An interesting question recently came before the Georgia Supreme Court. In Piedmont Office Realty Trust, Inc. v. XL Specialty Ins. Co., 771 S.E.2d 864 (Ga. 2015), the insured Piedmont Office Realty Trust, Inc. (Piedmont) had purchased and maintained two insurance policies—a primary policy issued by Liberty Surplus Insurance Company and an excess policy issued by XL Specialty Insurance Company (XL). Under the primary policy, Piedmont had $10M of coverage. The excess policy provided an additional $10M of coverage in excess of the primary policy’s coverage limits. The XL policy stated that it would only pay for a “loss” which Piedmont became “legally obligated to pay as the result of a securities claim.” The XL policy contained a standard “consent to settle” clause.
Piedmont was named as a defendant in a federal securities class action lawsuit where the plaintiffs sought damages in excess of $150M. Early in the litigation, Piedmont moved for summary judgment which was denied. Years of discovery and litigation followed after which Piedmont renewed its motion for summary judgment. The District Court granted the renewed motion and dismissed the class action lawsuit. During the pendency of the appeal of that dismissal, the plaintiffs and Piedmont agreed to mediate the plaintiffs’ claim. At the time of the mediation, Piedmont had already exhausted its coverage limit under the primary policy and had eroded the excess policy by $4M through its defense. Anticipating a settlement with plaintiffs would be accomplished at the mediation, Piedmont sought XL’s consent to settle the claim for the remaining $6M under the XL excess policy. XL agreed only to contribute $1M towards the settlement, but no more.
At the mediation, Piedmont agreed to settle the underlying lawsuit with plaintiffs for $4.9M without providing further notice to XL regarding the settlement and without obtaining XL’s consent. The settlement was approved by the District Court after which Piedmont demanded XL provide coverage for the full amount of the settlement. XL refused and Piedmont sued XL for breach of contract and bad faith.
Piedmont argued that because the XL policy expressly provided that XL would not withhold its consent to settle unreasonably, that Piedmont was allowed to enter into the case settlement.

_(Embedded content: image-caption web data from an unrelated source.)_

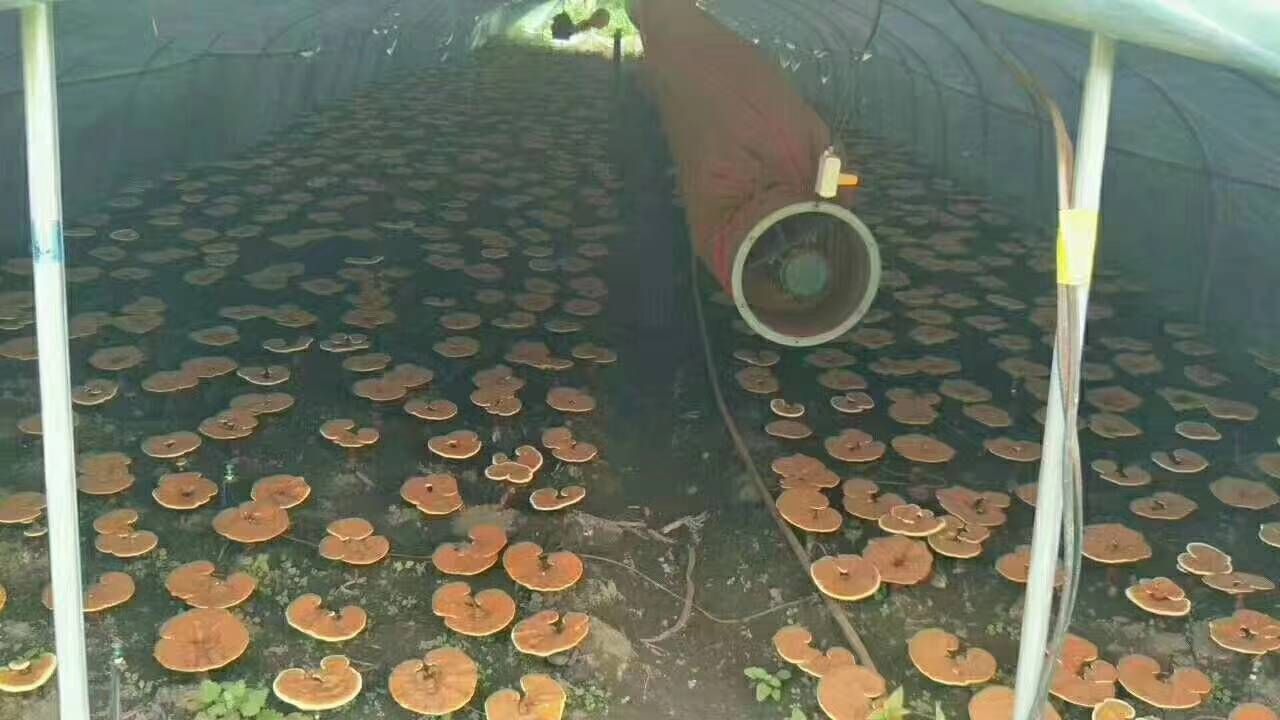 现代化灵芝孢子粉生产线场景,包含采集、破壁、切片检测、纯化与封装环节的流程图解,配有显微镜检测工作站和操作人员穿戴无菌服的工作画面 灵芝孢子粉生产工艺示意图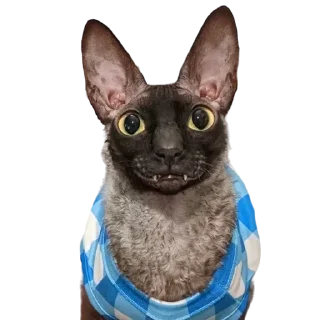 😶‍🌫️ emoji пиксель @pixel_gifs Telegram sticker 23 of 80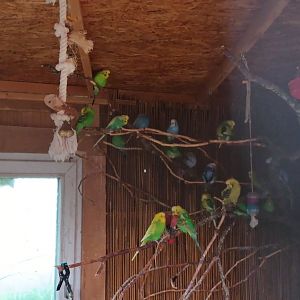 Budgerigar Breedingform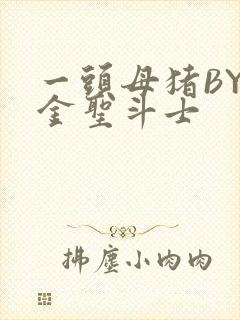 一头母猪BY黄金圣斗士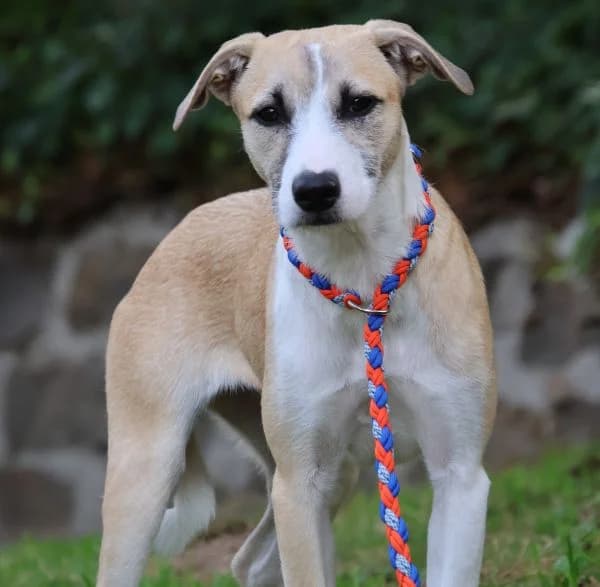 Sophie, female Mixed Breed for adoption at Tierheim Dornbusch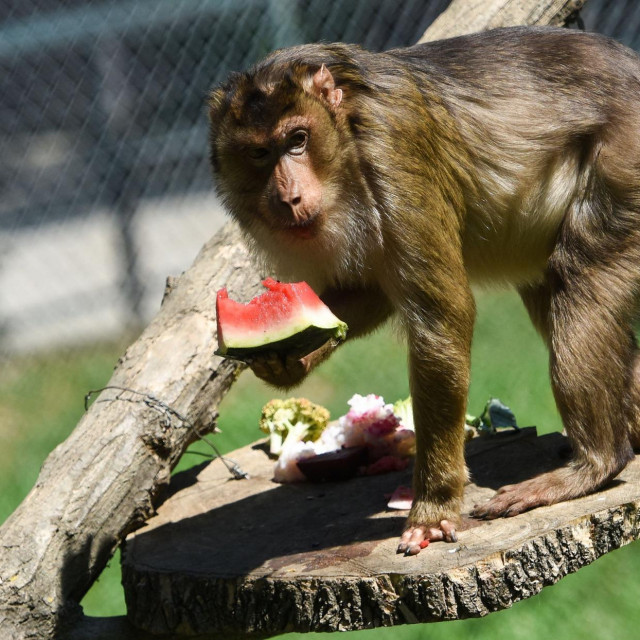 Majmun u zoološkom vrtu u Skoplju
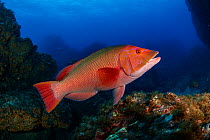 Red barred hogfish, (Bodianus scrofa), Santa Maria Island, Azores, Portugal, Atlantic Ocean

The Georgia Supreme Court held that the plain language of the XL policy did not allow the insured to settle a claim without the insurer’s written consent. Additionally, the policy’s “no action” clause which stipulates that the insurer may not be sued unless, as a condition precedent, the insured complied with all of the terms of the policy and amount of the insured’s obligation to pay under the policy applied to bar Piedmont’s bad faith lawsuit.
The Piedmont Office Realty Trust case illustrates an interesting argument to overcome a consent to settlement clause where the policy also provides that the insurer will not unreasonably withhold consent to settle. The argument is that when the insurer refuses to reasonably consent to a settlement the insurer first breaches the contract and therefore excuses the requirement that the insured seek consent of the insurer in proceeding with the settlement. The Georgia Supreme Court was summarily dismissive of this argument. It does raise the paradoxical question of how the consent to settlement clause of the policy can co-exist with another clause saying that the insurer shall not reasonably withhold the consent to settlement. This issue is going to remain problematic until insurance policies containing both clauses reconcile them with additional policy language.